Why Can’t Brands Connect?

So brands are chomping at the bit to jump into Google+ ?

Understandable with all the hype, but we may be getting the cart before the horse. The truth is most brands-and most companies–are still struggling with the other platforms. Social media is still foreign to them, and most flail around like fish out of water (to use another animal analogy).

Marketers know this problem. The issue was raised again in a nicely written piece recently in Advertising Age. The author concludes with, “In a nutshell, they need to act less like brands and more like people.”

The problem

The problem is “brands” are not people, though they are made up of people. And in many ways a brand is the antithesis of a social-oriented business, mostly driven by processes and an insatiable need for “results” and ultimately profits.

Rather than reinvent, we’ve shoehorned social media into our corporate framework. We’re still doing everything the same, just in new channels, disguised as social media.

“Schedule 10 tweets this week” (and make them sound real).

“Focus on driving our XYZ corporate message in next week’s blog.”

Companies should know better, given their experiences with content. Many companies are amazed to find no one’s reading their marketing materials or white papers-and why should they? The old of way of companies producing content (think: 30 second commercials, press releases, clever one-liners) doesn’t work with social media.

Compare a typical fast-moving conversation on G+, Twitter or Facebook to your typical corporate marketing-speak or CEO speech. You get the point: fluid vs stiff, natural vs stilted, engaging vs boring.

I saw this first hand at Hewlett Packard, where as Editor in Chief I had to create new programs to train enterprise bloggers and drive social media activity. There were a lot of bright, talented people, but many struggled to blog and engage amid stiff corporate structures and processes, non-supportive managers and incentive systems and an obsession with measurement. Years of layoffs and poor morale didn’t help.

My boss was ignorant of social media but that didn’t stop her from aggressively pushing ahead: “We need to drive HP’s share of voice,” she’d say.

“First, we need a voice,” I’d argue.

Eventually it dawned on me-”social” is not in the corporation’s DNA. It’s all about left brain thinking, processes and systems, marketing speak and driving results. Fear drives much of the corporate activity-something Andy Grove, my former (Intel) CEO, captured back in the 1990s with his popular battle call for a generation of corporate worker bees: “Only the paranoid survive”.

This isn’t all bad-it’s what distinguishes our companies from other less efficient endeavors (government comes to mind) and has led to great innovations and brands over time. But trying to shoehorn in social media doesn’t work, like mixing oil and water. And as I look ahead, it’s clear to me companies will need to significantly change to adapt to a new environment-more dynamic, fluid, global, unpredictable…and more human centered.

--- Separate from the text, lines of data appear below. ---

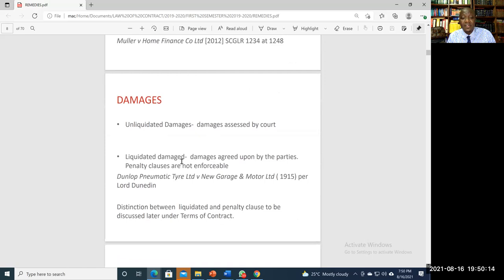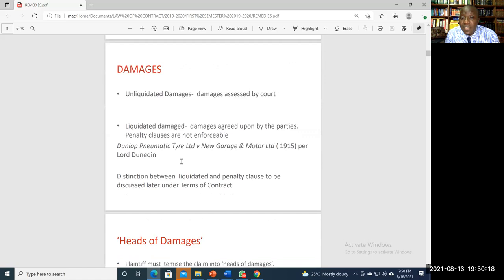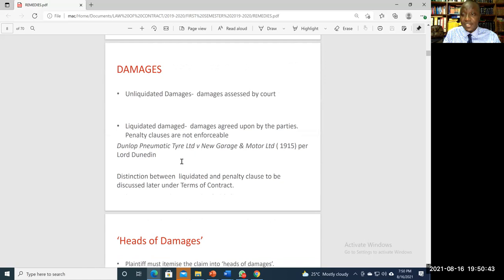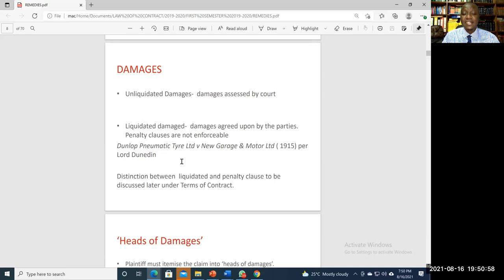We have to remember two key things: liquidated damages and unliquidated damages. Unliquidated damages refers to a situation where the parties made a contract, a breach occurred, but the parties made no provision in the contract regarding how much compensation should be paid in the event of a breach. When a breach occurs, the courts will assist the parties to work out the appropriate level of compensation.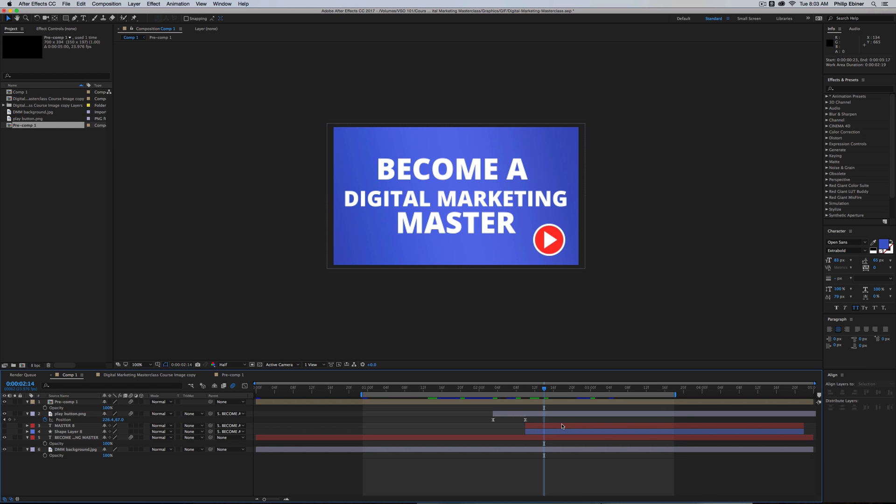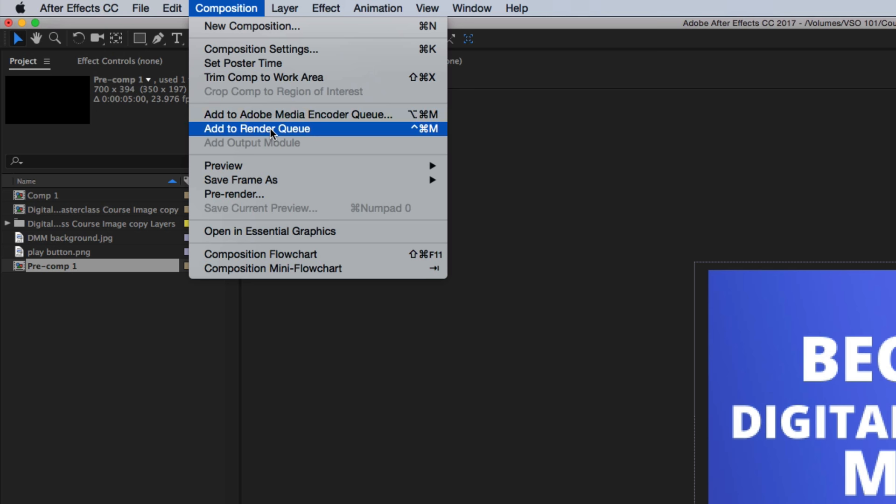If you have to export an MP4 file from After Effects, you have to do so through the Adobe Media Encoder instead of through the After Effects Render Queue, which is usually how I export.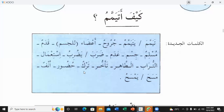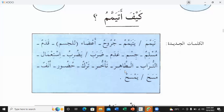Tarkun — left. Huzurun — presence. Anfun — nose. Masaha / yamsahu — mazi and mudare — meaning: to wipe. Okay, got all these words?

We have moved beyond the Information Age into an age where knowledge, relevance and connecting the dots in our environment are what counts: Daniel Pink, in his book A Whole New Mind, calls it the Conceptual Age. Going forward, creativity and real innovation will play a much larger role: make room for more right brain thinking.

The Solution

We can help the cause by first breaking away from the status quo-quit following the herd. Quit thinking like marketers, start thinking like creative humans. How would a small businessman handle this problem? How would an artist, a scientist?

Think about your audience first, second and last. They don’t really care about your service or product, only if it helps them improve their lives. What are the issues that keep them up at night-these are your topics.

So you need to go beyond the “best practices” and mechanics (ex: the latest Twitter techniques) and teach people to think and act socially- to be social. In our training, we always work on helping people understand how to be social–how to engage, how to go beyond the story line and so on. It’s ok to be engaging. It’s ok to be interesting. It’s ok to not have an agenda. Let your passion show. It’s ok.

Corporate bloggers are our modern day story-tellers, and once we can tap into that force we are looking at unlimited possibilities. But that means changing the way we manage our companies, and actually changing the way we think. That according to Pink requires more balanced thinking– processes and creativity, systems and exploration. The goal is to make an intellectual AND emotional connection with our employees, colleagues and customers (think of Apple, and the emotional connection of its customers).

Social media can help fuel this movement and I believe it can ultimately reshape the corporation. But after 20 yrs at this, I’m also not naive. Nothing is assured; the corporate way of life has been around for decades, and social media only a few years. Change will be slow and uneven.

Ultimately we have to tap into people’s incredible need for meaning in life.

In Man’s Search for Meaning, Viktor Frankl showed through his amazing odyssey in German concentration camps, that people are not driven by fear, pleasure or to avoid pain as much as a quest for meaning. How can we tap into this huge motivational force to help drive social media in a way that ultimately transforms our companies (and makes life a little better)? How can we bring about real corporate change?